■ Exercise brief ■
Output all entries verbatim, dropping pictures.

■ The records ■
#####

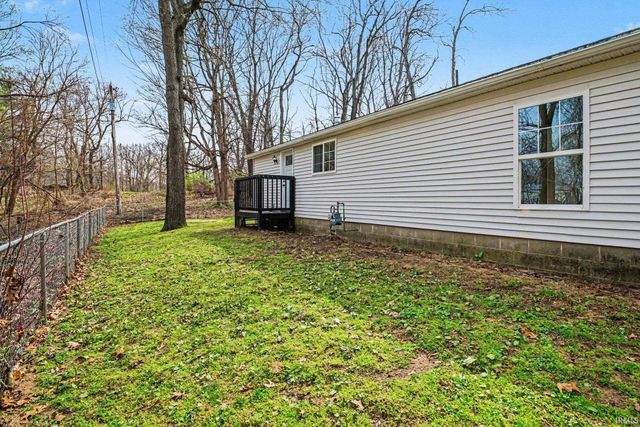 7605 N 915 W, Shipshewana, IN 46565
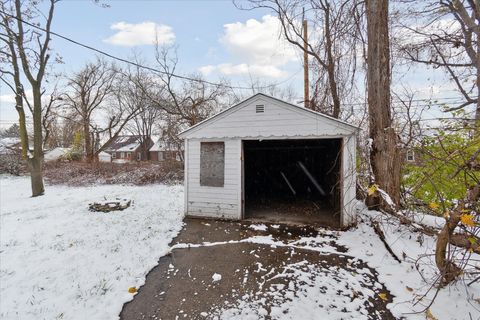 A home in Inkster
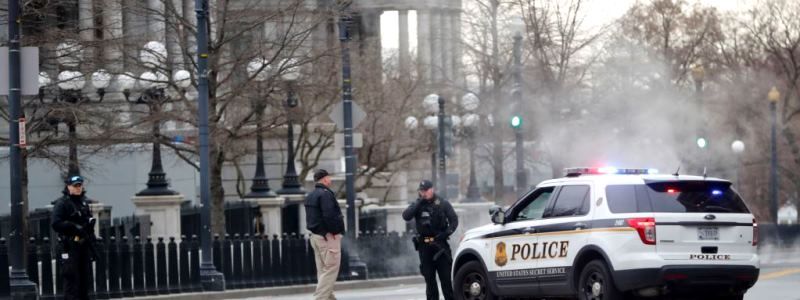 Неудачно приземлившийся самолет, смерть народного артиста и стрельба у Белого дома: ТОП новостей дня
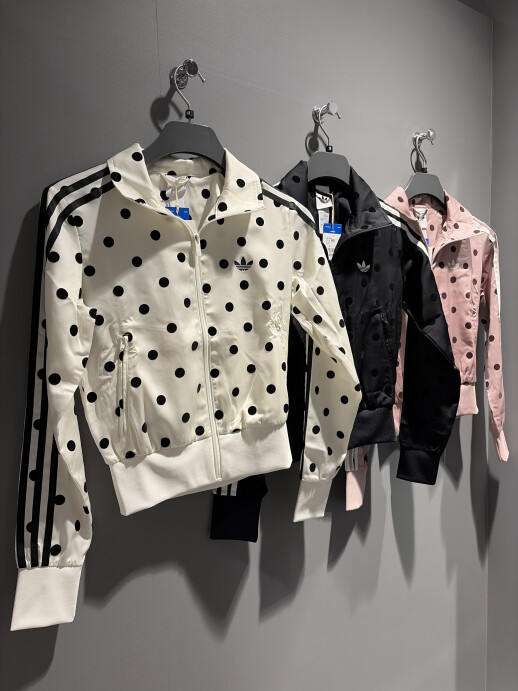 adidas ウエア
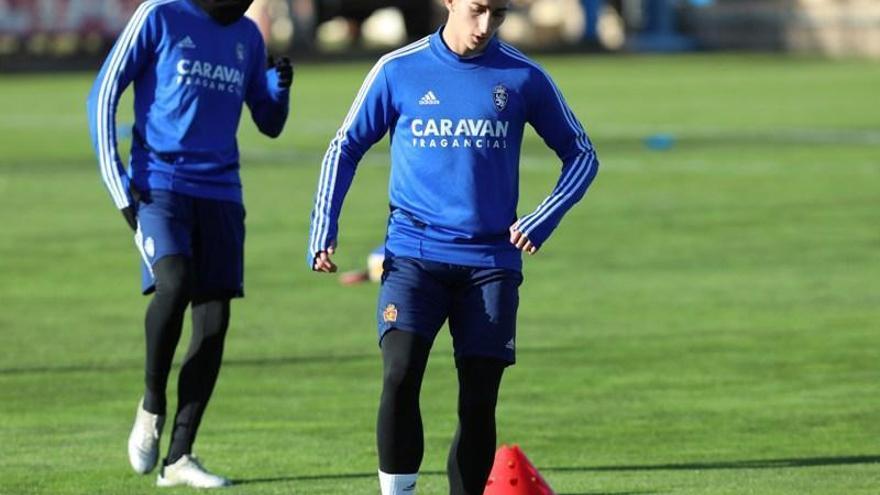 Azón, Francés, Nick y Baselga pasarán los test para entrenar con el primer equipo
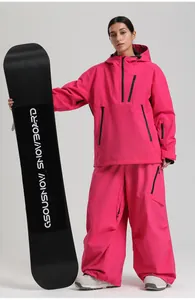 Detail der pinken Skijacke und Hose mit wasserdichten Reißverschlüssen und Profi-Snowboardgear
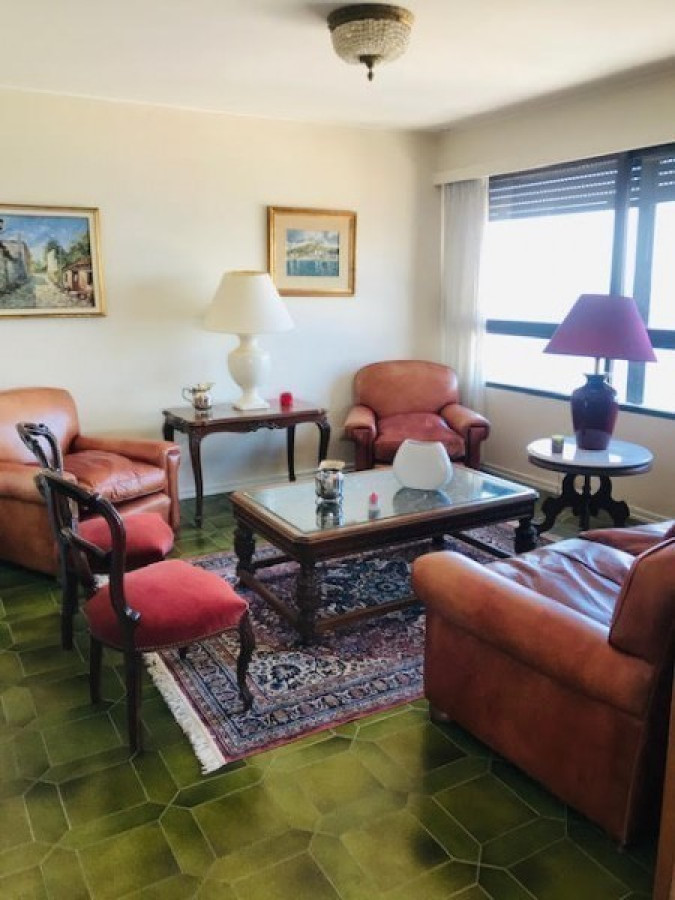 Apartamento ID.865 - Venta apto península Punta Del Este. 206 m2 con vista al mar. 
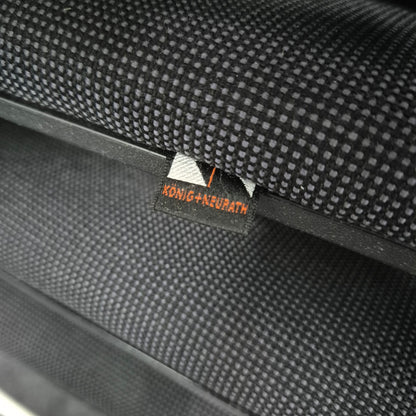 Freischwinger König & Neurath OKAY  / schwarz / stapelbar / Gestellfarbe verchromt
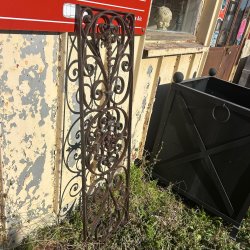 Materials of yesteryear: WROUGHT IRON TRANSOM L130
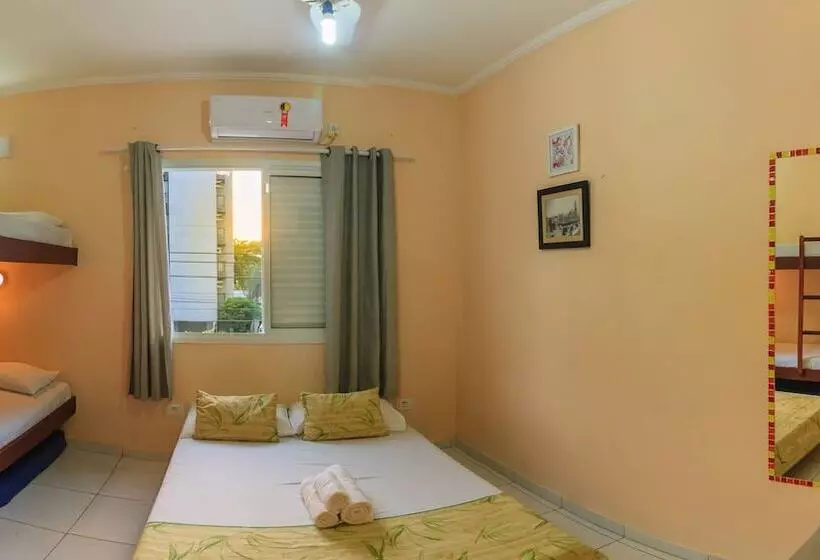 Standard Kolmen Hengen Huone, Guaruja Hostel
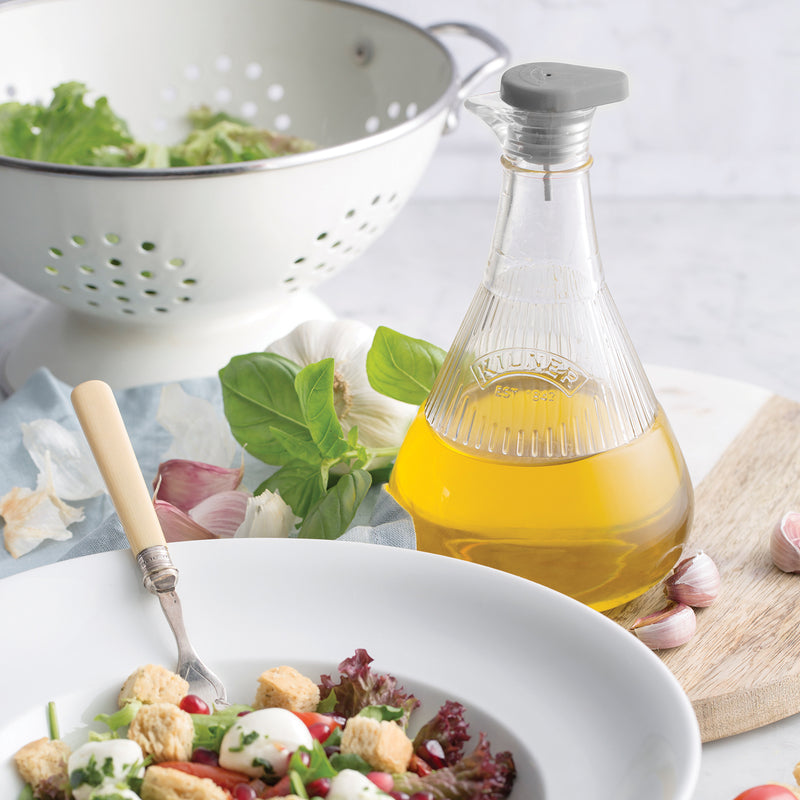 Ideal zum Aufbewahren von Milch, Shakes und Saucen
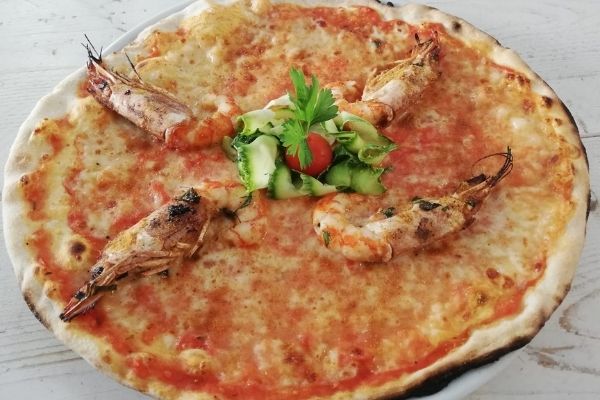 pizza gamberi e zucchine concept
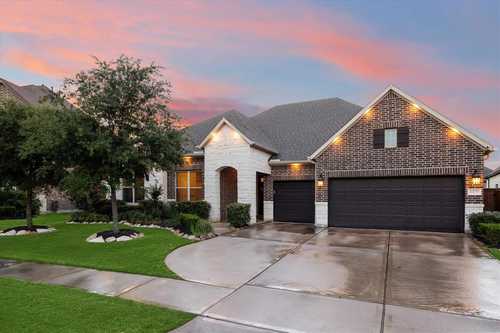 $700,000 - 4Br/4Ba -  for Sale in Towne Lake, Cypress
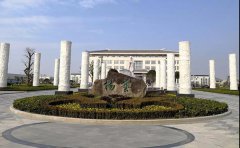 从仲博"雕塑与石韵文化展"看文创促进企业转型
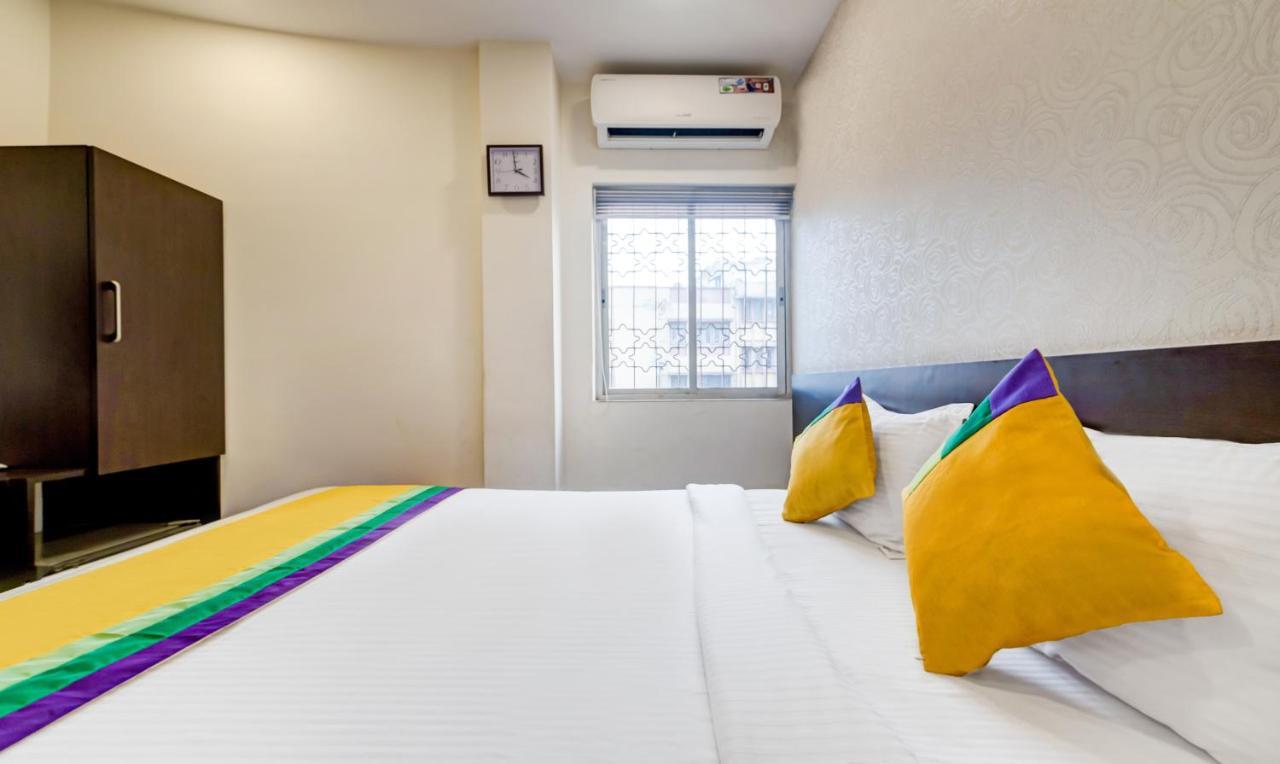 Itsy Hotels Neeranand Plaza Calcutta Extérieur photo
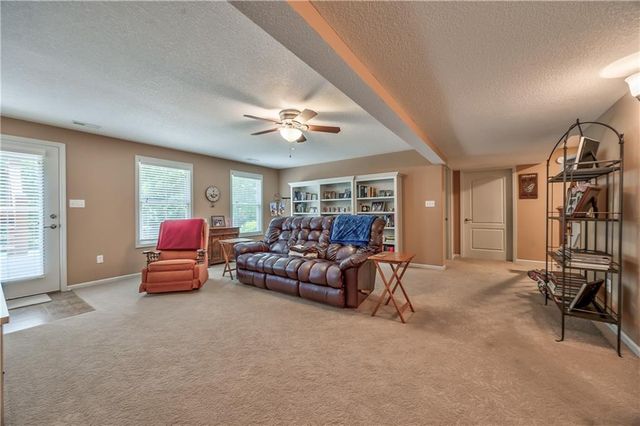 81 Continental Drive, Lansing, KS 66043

#####

■ Answer to this task ■
 7605 N 915 W, Shipshewana, IN 46565
 A home in Inkster
 Неудачно приземлившийся самолет, смерть народного артиста и стрельба у Белого дома: ТОП новостей дня
 adidas ウエア
 Azón, Francés, Nick y Baselga pasarán los test para entrenar con el primer equipo
 Detail der pinken Skijacke und Hose mit wasserdichten Reißverschlüssen und Profi-Snowboardgear
 Apartamento ID.865 - Venta apto península Punta Del Este. 206 m2 con vista al mar. 
 Freischwinger König & Neurath OKAY  / schwarz / stapelbar / Gestellfarbe verchromt
 Materials of yesteryear: WROUGHT IRON TRANSOM L130
 Standard Kolmen Hengen Huone, Guaruja Hostel
 Ideal zum Aufbewahren von Milch, Shakes und Saucen
 pizza gamberi e zucchine concept
 $700,000 - 4Br/4Ba -  for Sale in Towne Lake, Cypress
 从仲博"雕塑与石韵文化展"看文创促进企业转型
 Itsy Hotels Neeranand Plaza Calcutta Extérieur photo
 81 Continental Drive, Lansing, KS 66043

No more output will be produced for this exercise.